Once this is added the location of the tube is pretty obvious. I used 1/4” copper tube which can bend for initial fitting. Here is a photo looking up into the housing with the quill removed.
1D454665-19C5-46D7-A656-26B17EACE75D.jpg

Lastly, here is the hole for the oiling tube. Measurement is from the flat top of housing.
View attachment 279524

Thanks again for all the help!
John
 
Hi John,

Glad you were able to adjust the tapered bearing to get the free play down to the recommended value. Thanks also for the photos of the oil tube -- they will help the next people with this problem.

Cheers,
Bruce

PS: I suggest that you delete post #47, since it's a duplicate of the following post but the second picture is missing.
 
After several adjustments to the spindle nuts the runout is close to spec! I guess bronze bushings are as forgiving as I have read.

A note to anyone who might find themselves in this position in the future. There isn’t enough clearance between the quill and the horizontal spindle drive gear so I needed to notch the quill at the top front to allow the addition of an oiling tube. It’s strange that the photo earlier in this post of another quill with Bronze bushing shows this notch, but mine doesn’t.
View attachment 279523

Once this is added the location of the tube is pretty obvious. I used 1/4” copper tube which can bend for initial fitting. Here is a photo looking up into the housing with the quill removed.
View attachment 279523

Lastly, here is the hole for the oiling tube. Measurement is from the flat top of housing.
View attachment 279524

Thanks again for all the help!
John
I,m a little bit late to the party but pretty well versed in regard to the differences in the FP1 heads. They came in both versions with the bronze bushing, with and without the flip top oil port. The later one without is lubricated through the slot for the drive key which will also oil the drive gears. In my opinion the ideal setup, none of the other early heads account for getting oil to those gears.
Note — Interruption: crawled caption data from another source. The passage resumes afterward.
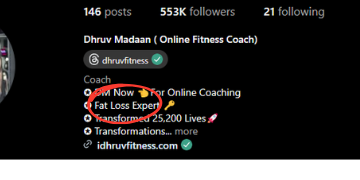 Instagram Bio with Keyword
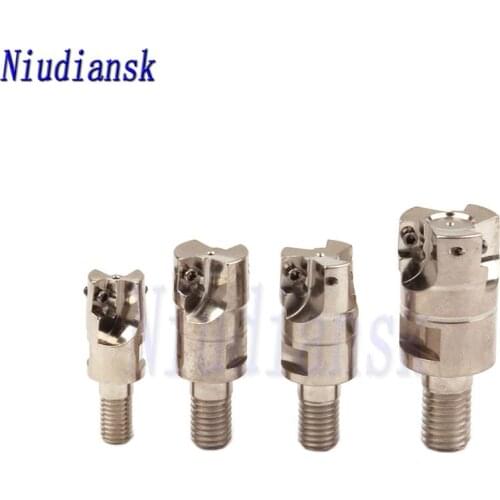 1pc TE90AX09-17-2T-M8 TE90AX09-26-3T-M12 Anti-vibration Milling Cutter Head TE90AX09,For APKT09T3 Carbide Inserts CNC Lathe Tool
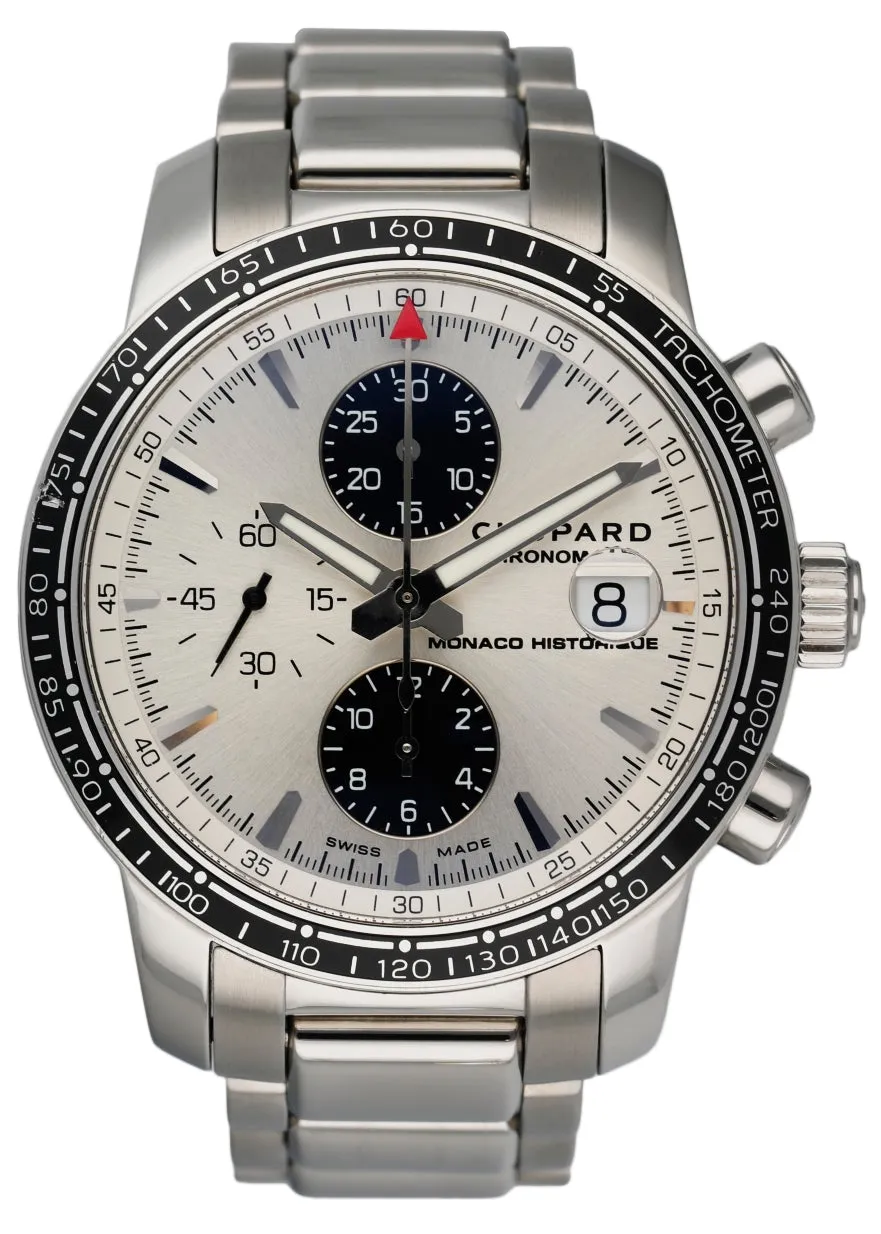 Chopard Grand Prix De Monaco Stainless Steel Silver Dial 8992 Men's Watch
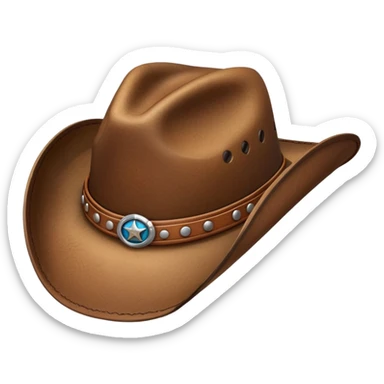 I want a cowboy hat emoji  sticker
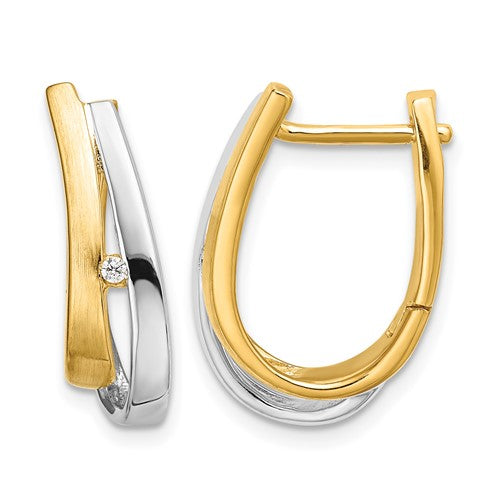 14k-yellow-gold-with-white-rhodium-diamond-hinged-hoop-earrings-SolomonJeweler-Wichita-KS-CustomJewelry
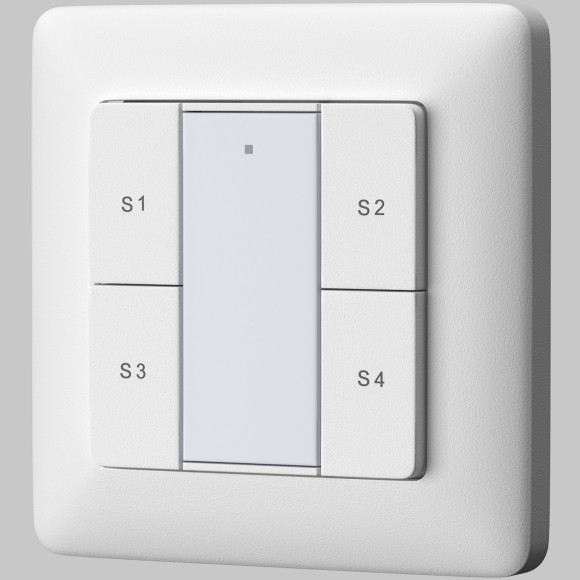 4-х кнопочная Maytoni DALI DT6 панель для одной группы и 4-х сцен 721052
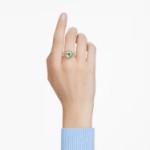 Swarovski Chroma ring Cushion cut, Multicolored, Gold-tone plated - 5692500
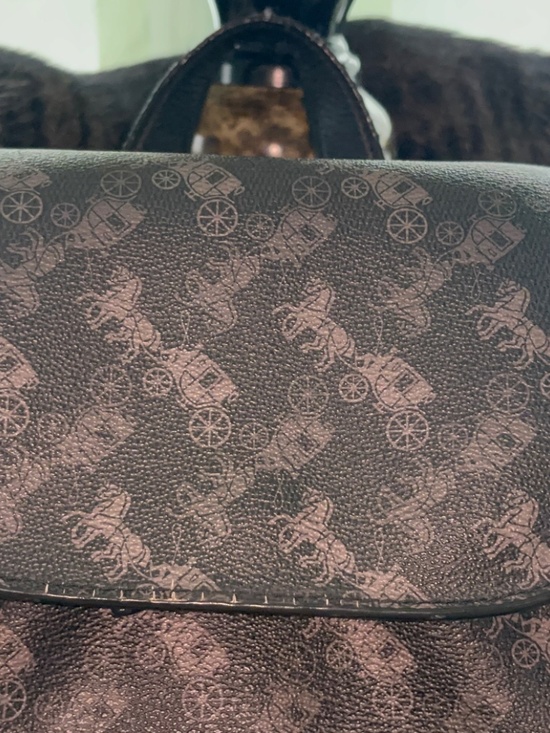 COACH JES Backpack with Horse & Carriage Print Black main image 9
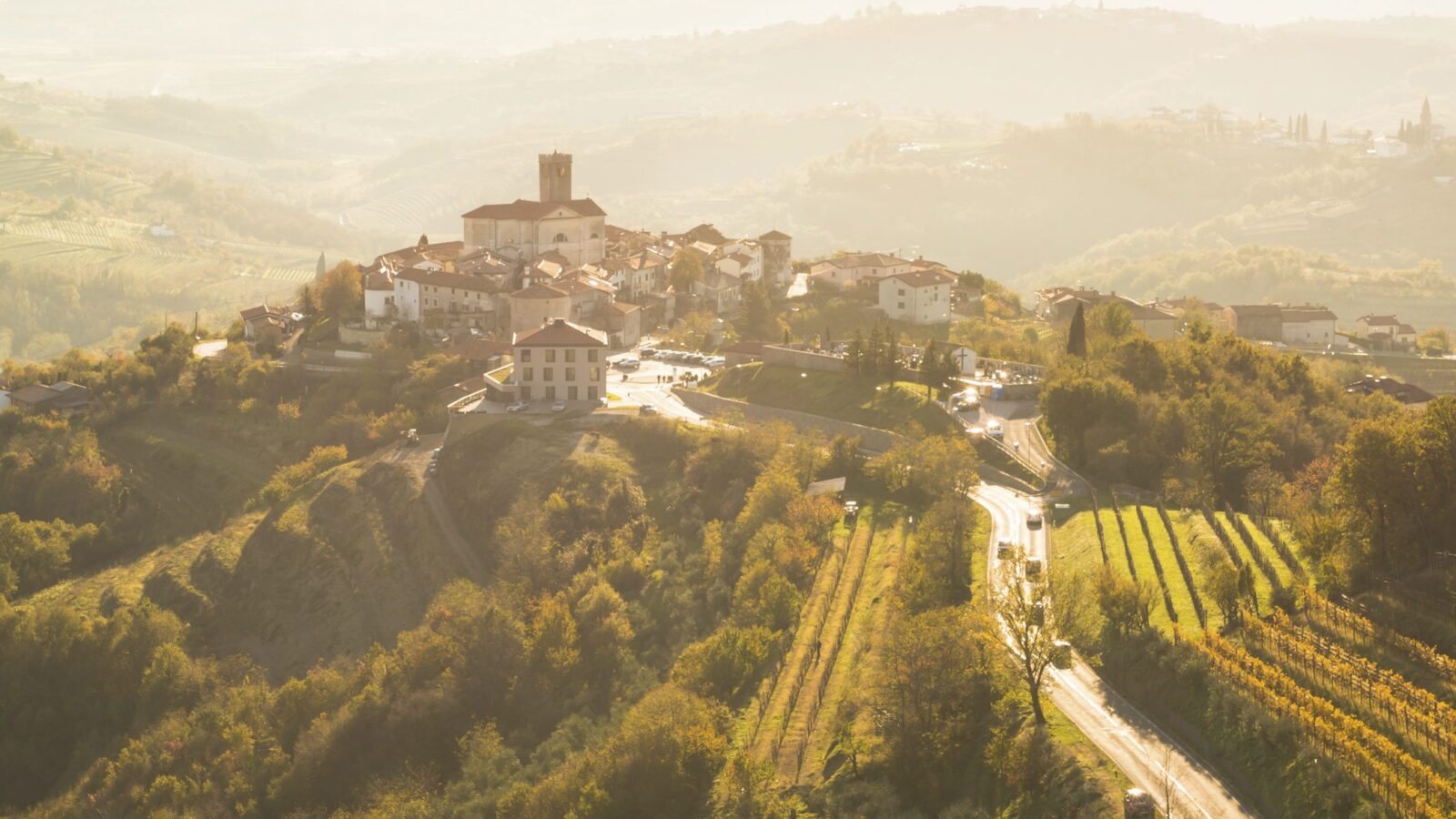 View of the little village in Goriska Brda, Slovenia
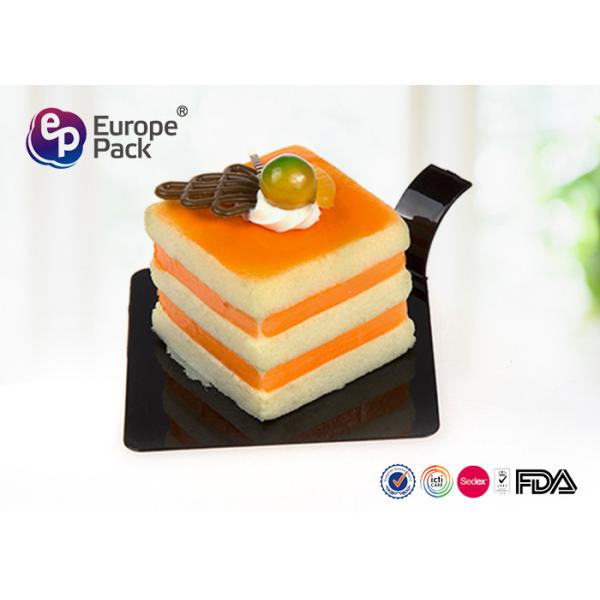 Black Disposable Dessert Plates Ps Material Plastic Pudding Cups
I have several different heads with the 4 Morse taper including one off a dual dial machine and on all those I never saw a single mention to lubricating the gearing in any of my manuals?
Dan
 
1955 FP1 head rebuild

Am in the middle of rebuilding my ~1955 FP1 vertical head. Machine came out of a local city college, through a sales agent. Serial number on the vertical head is 31815.

Spindle bearing is bronze cone. Two areas for oil from the top, one marked on the bearing retaining nut and one through the keyway on the shaft. No provisions for cup oiler.


Img_8879.jpgIMG_8905.jpgImg_8895.jpgImg_8890.jpg
 

Attachments

  • IMG_8901.jpg
    IMG_8901.jpg
    86.7 KB · Views: 39
The bronze cone has felts at various heights to oil the surface. As verified with brake clean, there is a cavity between the brass cone and the steel to allow oil to wick down from the thrust bearings and replenish the felts.

Having been packed with grease, the felts are no longer capable of transferring oil cleanly.

I believe that this configuration was as supplied from the factory rather than being retrofitted.

IMG_8900.jpgIMG_8902.jpgIMG_8901.jpgImg_8899.jpg
 
Thank you for the great pictures1 My 1950's FP-1 has vertical head #35735. It was a "garage queen" for at least the last forty years so I am going to leave it alone and oil in the required areas.
 
The head casting was completely taken down and washed to remove all residual grease and contaminants. Slotted cuts had lots of foreign matter that needed to be removed. All components were washed to remove grease, with special attention to the bearings. No abnormal wear was seen.

The drive gears, while greased, were also taken down and cleaned in the ultrasonic tank. Tooth wear is normal and acceptable. Parts were oiled and reinstalled.
IMG_8913.jpgIMG_8914.jpg

Reassembly of the head casting consists of oiling all components and putting back into place. The drive gear assembly moves quite smoothly now.
IMG_8908.jpgIMG_8916.jpg
 
I’m glad this conversation cleared this question up. In retrospect I guess the oiling cup is a bit redundant, which isn’t a bad thing in this case.